Many Screenmobile franchisees also handle jobs themselves, but owners caution against spending too much time in the field.

Winner: Screenmobile

Finalists: HouseMaster and Pirtek

Screenmobile franchisees Joan and Phil Wren got into the franchise game in 1996 when Phil, then an accountant, decided he didn’t want to work for anyone else anymore. They bought two businesses, a print shop and a Screenmobile, with plans to run the shop during the week and do screen jobs on the weekends.

Two years later, said Joan Wren, they sold the print shop to focus full time on Screenmobile because, “it was the big producer.”

The winner in the On the Move category, Screenmobile’s business is in the name. Franchisees install all manner of screens and do their business out of a truck and trailer. The brand is growing fast: It has 140 units, 40 of which opened in the past three years. It offers an attractive return on investment relative to other finalists in the category, and Screenmobile’s Item 19 provides a detailed look at average customer numbers and monthly sales, plus operating expenses as a percentage of sales to give prospective franchisees a realistic financial picture.


Screenmobile franchisees Phil and Joan Wren.

The average unit volume, as of mid-year 2021, was $326,000, but Wren said her Memphis, Tennessee-based business did $2.3 million in sales last year—the second-highest volume in the entire system. She credited that success to their willingness to continually take on new business, and their emphasis on larger jobs, such as screened porch buildouts. At an estimated $600,000 in sales last year, she said screen porches are her largest business line, followed by several hundred thousand each in motorized screen installs, window screens and screen doors.

While the business has been good to them and the flexibility allowed for a shift away from the print shop, Wren said the big draw of the brand was the work itself. Her husband “liked the idea of not having idle hands,” she said.

That’s exactly what brought Jeff Ballantyne, another longtime franchisee, into the Screenmobile fold. His business did $1.9 million in sales last year and he’s out in the field every week, installing screens.

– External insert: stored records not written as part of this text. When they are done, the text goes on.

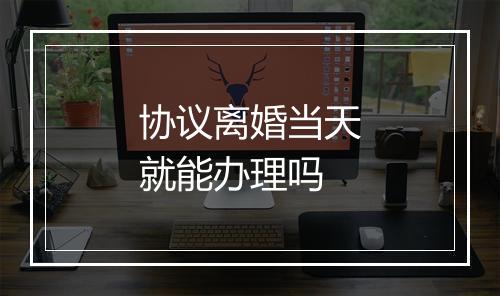 协议离婚当天就能办理吗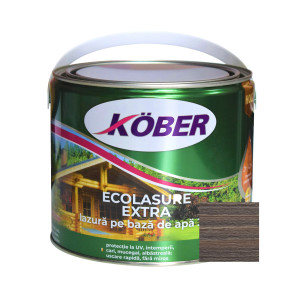 Lac / lazura 3 in 1 pentru lemn, Kober Ecolasure Extra, stejar gri, pe baza de apa, interior / exterior, 2.5 L
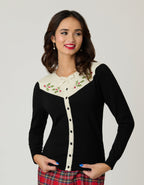 Smak Parlour Black & Ivory Holly Embroidered Cardigan - Unique Vintage - Womens, TOPS, SWEATERS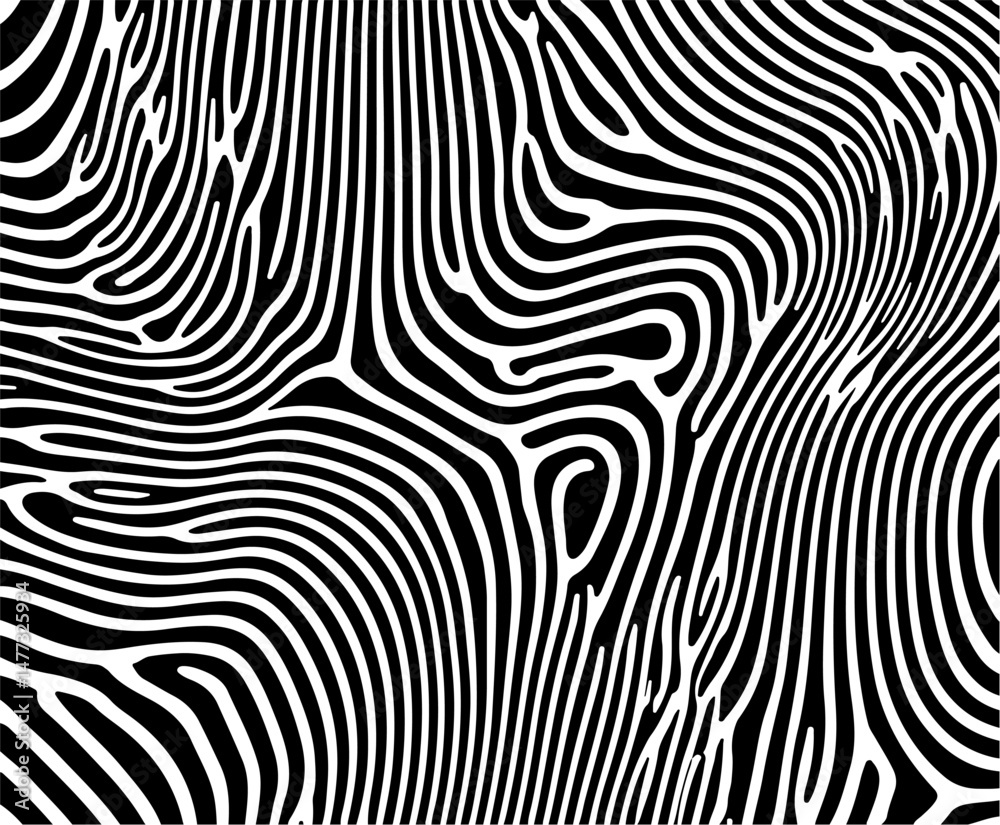Aufkleber Psychedelic 70s style vector illustration in black and white. Flowing, abstract wavy lines create a dynamic, hypnotic visual effect, perfect for retro designs, posters, or backgrounds.

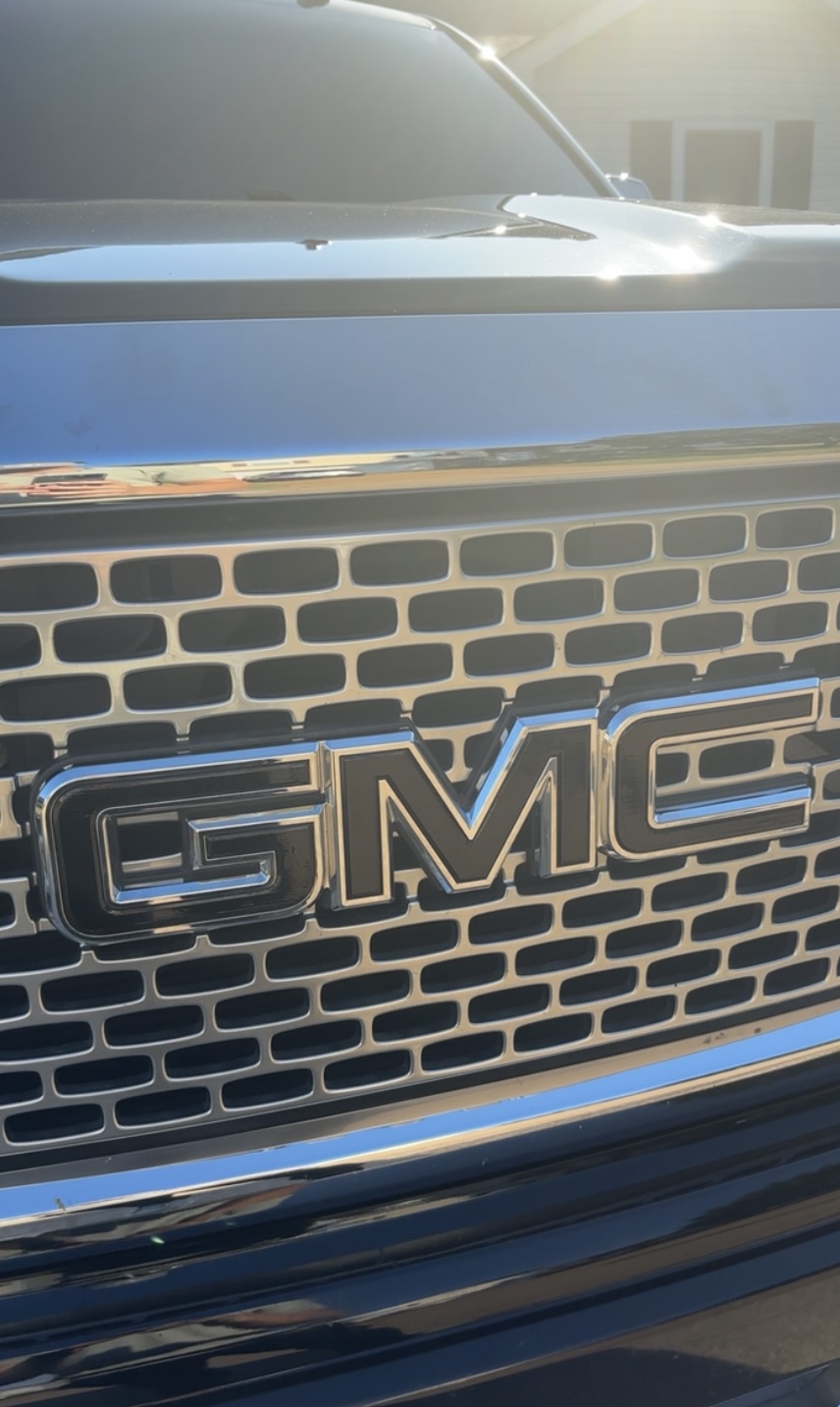 GMC chrome grille emblem before wrap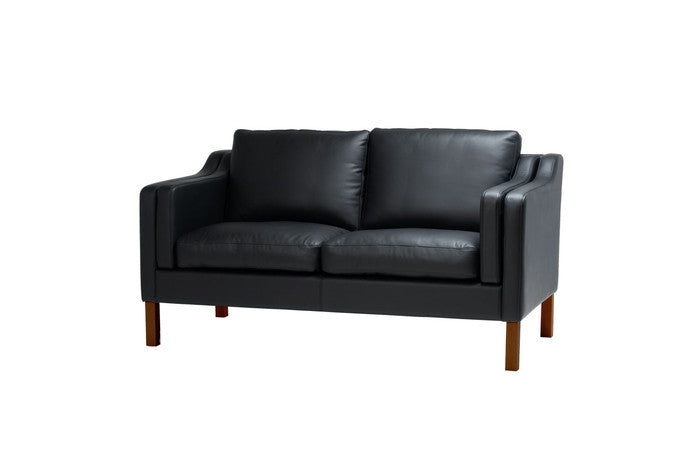 ダブルクッションソファ 2P ファブリック 脚部ウォールナット ライトグレー ミディアムグレー ダークグレー ライトブルー レイクブルー レッド オレンジ ベージュ ダークブラウン ダークレッド ペールピンク イエロー ネイビー W157xD83xH85 sh46 AH65 e-comfort デザイナーズ ジェネリック家具 リプロダクト 店舗 カフェ ラウンジ ロビー ホテル 法人 kwg-sf7224b-wal-fabの画像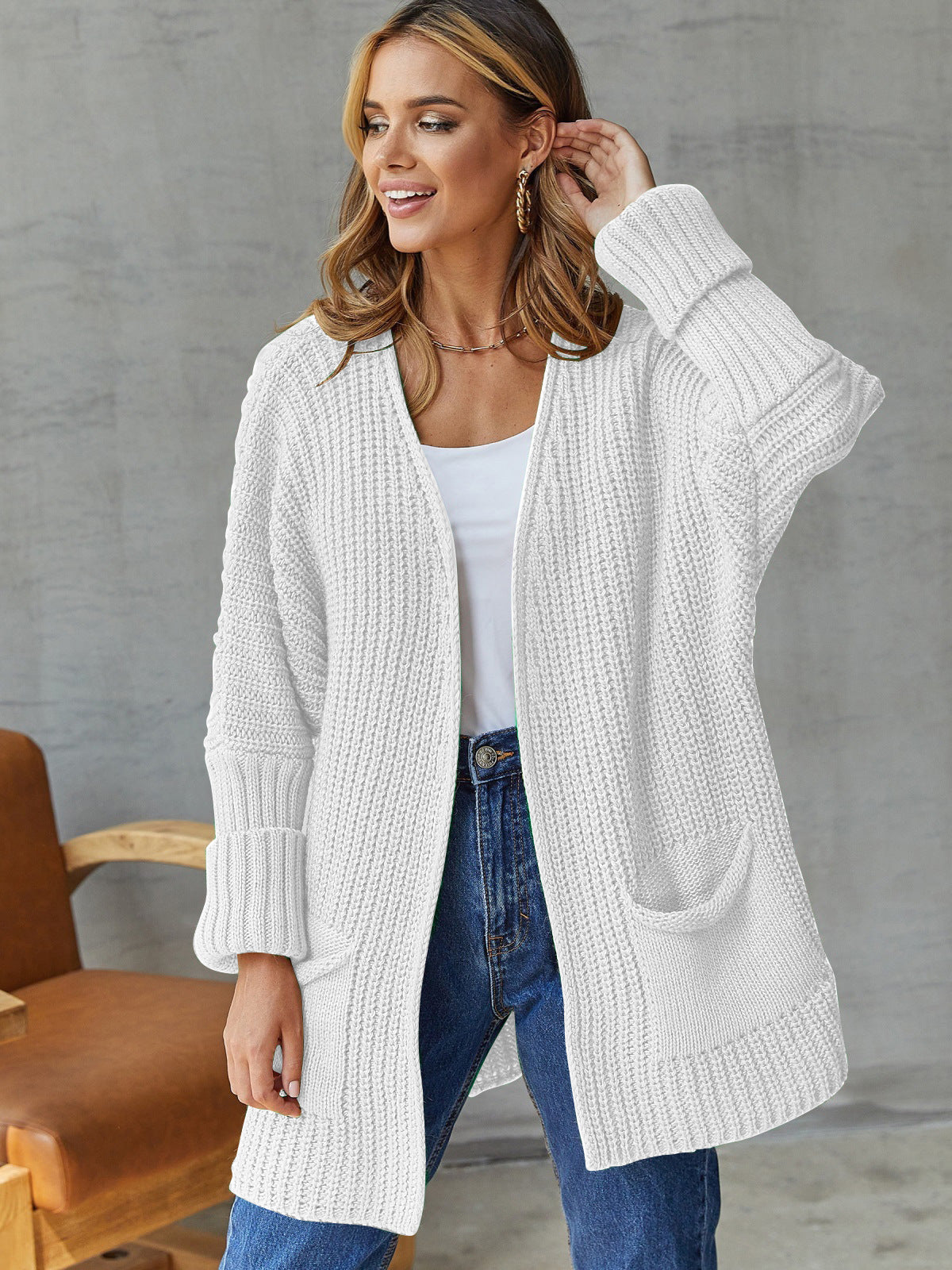 Damen Strickcardigan Groß Größe Rippendesign Praktisch
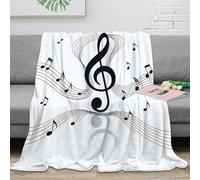RJAVAGFZL stampa 3D music notes coperta per tutte le stagioni microfibra biancheria da letto non perde pelo coperta versatile per regali per ogni occasione black and 80×90inch(200x230cm)
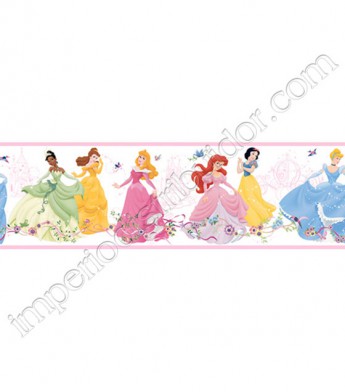 PÁG. 005 - Faixa Vinílica Disney York (Americano) - Princesas Disney (Branco)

Fieldwork isn’t mandatory, but it comes with advantages. “It brings respect from my guys,” said Ballantyne. “They know anything they can do, I can do, and probably better.” That’s helped him hire and retain employees, but it isn’t a magic bullet. Hiring “good, any kind of help really,” is the number one challenge facing his Phoenix-based business.


Jeff Ballantyne, center, is recognized for his high job volume as a Screenmobile ‘zee.

Still, he cautioned like-minded franchisees against spending too much time in the field and not enough in the office. He said he neglected to seriously manage his business for the first “six or seven years,” and thinks he would’ve grown faster and leaner with better balance.

Ballantyne also advised prospective and existing owners to “get to know your neighboring franchisees.” He credits the mentorship and advice they offered him with helping build the business he has today.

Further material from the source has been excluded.